[Opening SOURCE DATA section]

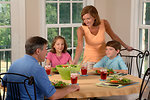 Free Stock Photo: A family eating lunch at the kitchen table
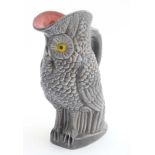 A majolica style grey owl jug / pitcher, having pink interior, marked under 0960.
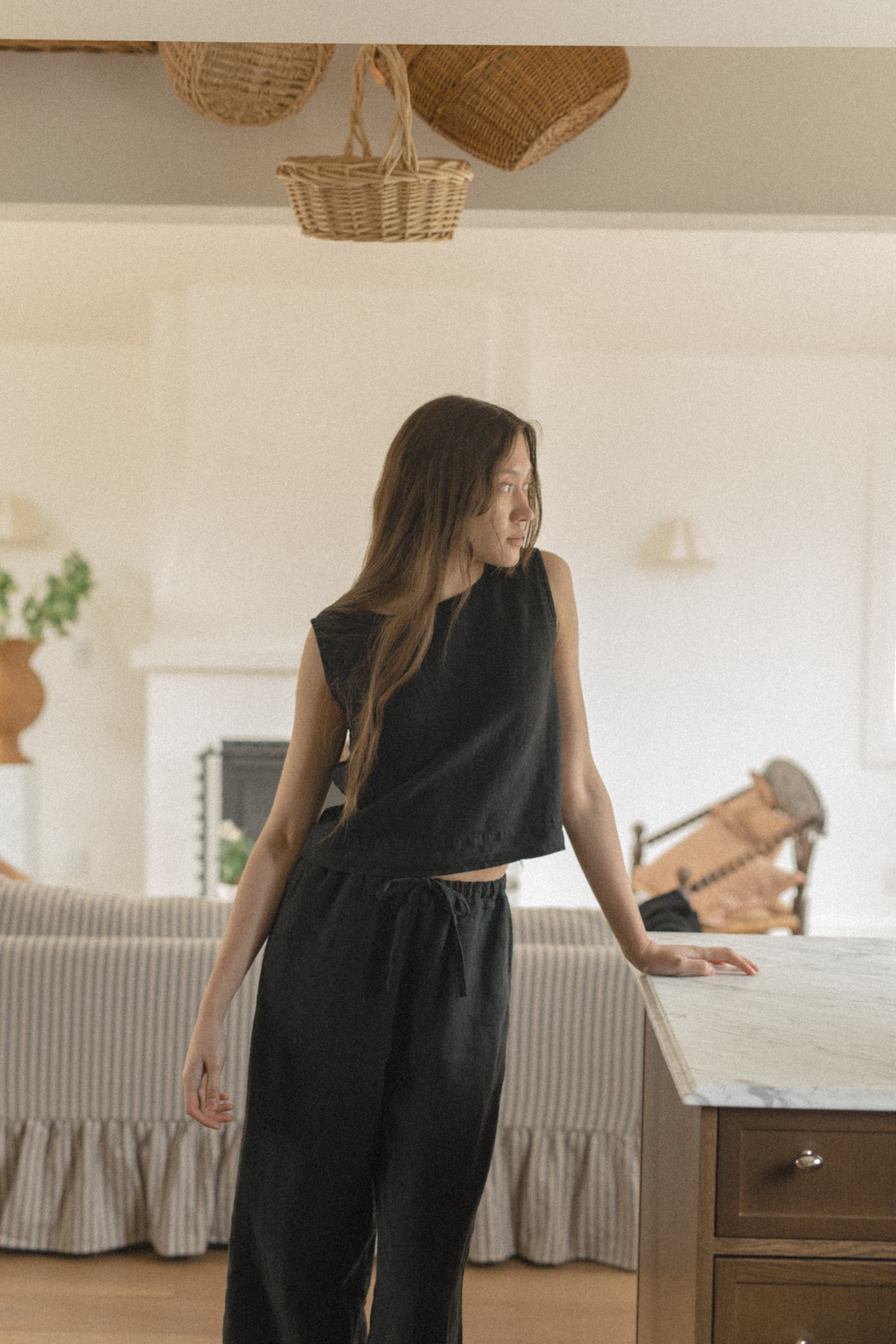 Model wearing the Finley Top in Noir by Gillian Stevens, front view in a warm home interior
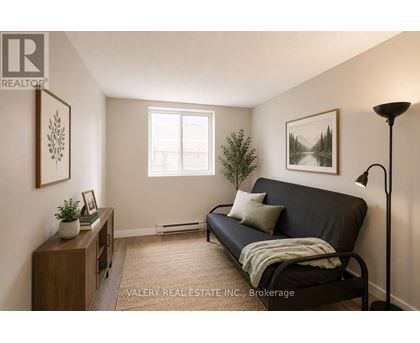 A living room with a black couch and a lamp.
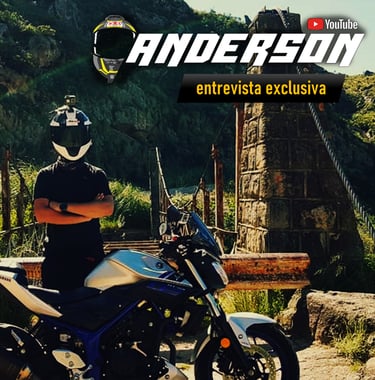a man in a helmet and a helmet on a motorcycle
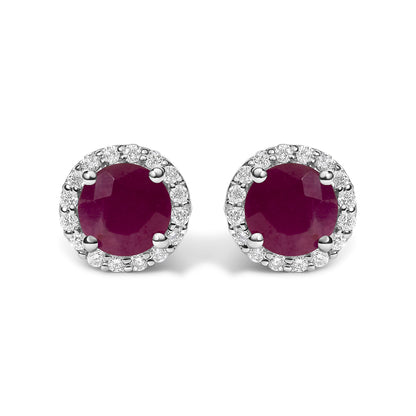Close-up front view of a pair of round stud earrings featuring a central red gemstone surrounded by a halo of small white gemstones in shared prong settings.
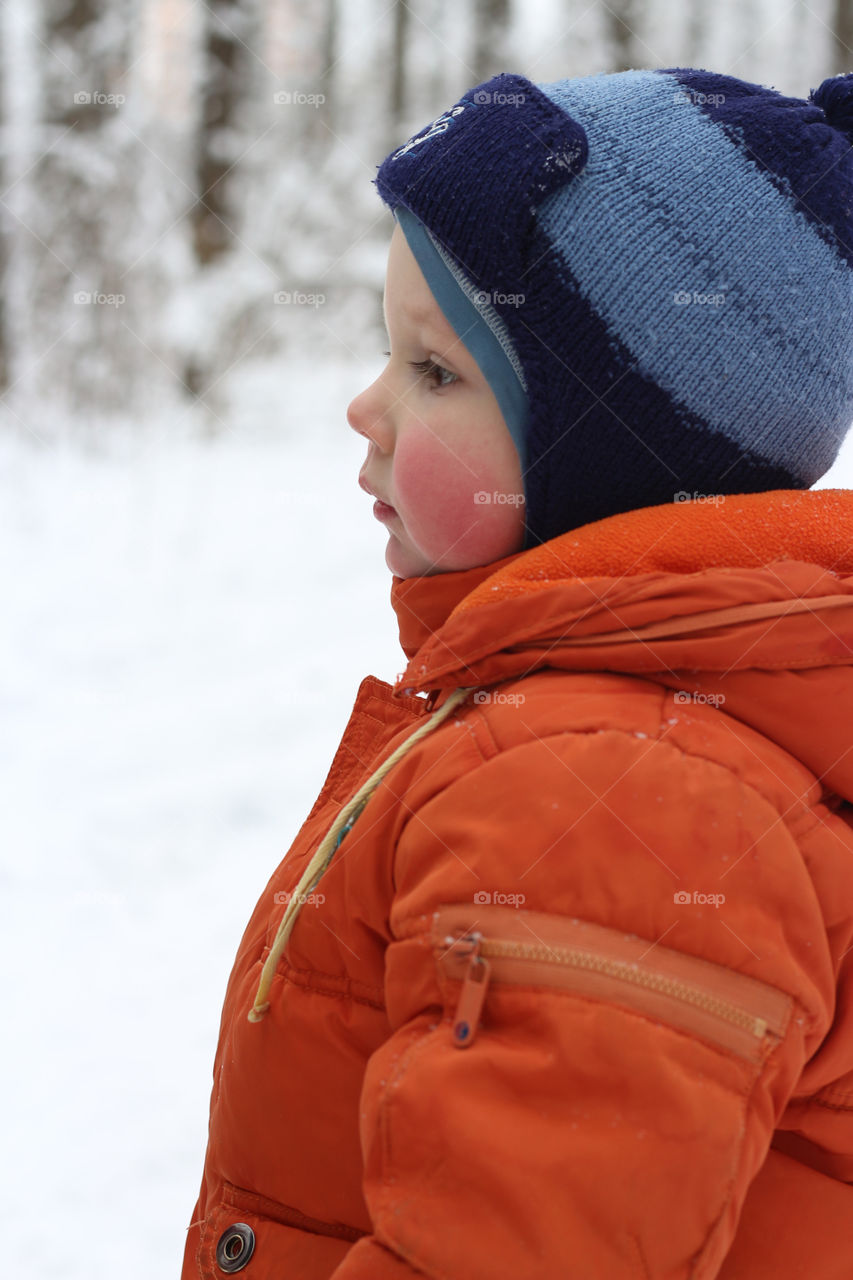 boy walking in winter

[Closing SOURCE DATA section]

**ASSIGNMENT**
Every entry above is to be set down exactly; the pictures are to be left out.

**ANSWER**
 Free Stock Photo: A family eating lunch at the kitchen table
 A majolica style grey owl jug / pitcher, having pink interior, marked under 0960.
 Model wearing the Finley Top in Noir by Gillian Stevens, front view in a warm home interior
 A living room with a black couch and a lamp.
a man in a helmet and a helmet on a motorcycle
Close-up front view of a pair of round stud earrings featuring a central red gemstone surrounded by a halo of small white gemstones in shared prong settings.
 boy walking in winter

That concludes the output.